Sous les tréteaux d’un échafaudage, l’entrée d’une échoppe, dissimulée : «Librairie du Cours Julien». Il ne fait guère plus chaud à l’intérieur qu’à l’extérieur. La lumière jaune éclaire les livres jaunes. Gérard Pio y vend des livres d’occasion. Atmosphère feutrée, studieuse. Envie de lever les talons quand on marche pour être plus discret. Inutile, le sol est largement couvert de moquette. Dans les profondeurs de l’antre, il redevient brut : la pierre et parfois sous les grandes étagères en bois de lourds tapis. Un paradis pour rats de bibliothèque.
Il ne faut pas s’y tromper.

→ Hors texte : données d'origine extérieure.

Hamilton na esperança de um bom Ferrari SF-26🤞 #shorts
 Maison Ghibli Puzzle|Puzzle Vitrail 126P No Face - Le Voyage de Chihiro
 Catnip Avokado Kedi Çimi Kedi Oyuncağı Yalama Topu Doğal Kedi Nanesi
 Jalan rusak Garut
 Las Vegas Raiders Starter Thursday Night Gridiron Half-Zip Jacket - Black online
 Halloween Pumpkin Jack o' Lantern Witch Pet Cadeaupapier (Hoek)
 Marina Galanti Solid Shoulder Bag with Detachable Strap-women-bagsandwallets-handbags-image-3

Ici, il s’agit bien de vendre des livres d’occasion et non de «livres anciens». «Lorsque quelqu’un parle de me vendre des livres anciens, je sais qu’il a des livres tout escagassés, abimés», explique Gérard, qui a appris à déceler les hypocrisies. Tiens, un client entre dans la boutique, il vient vendre ses livres… «Avec ma femme nous sommes installés depuis cinq ans à Marseille et l’on vient seulement de déballer nos derniers cartons !» Ensemble, ils ont vadrouillé de par le monde et aujourd’hui, malgré leur immense bibliothèque, certains livres ne trouveront pas leur place chez eux.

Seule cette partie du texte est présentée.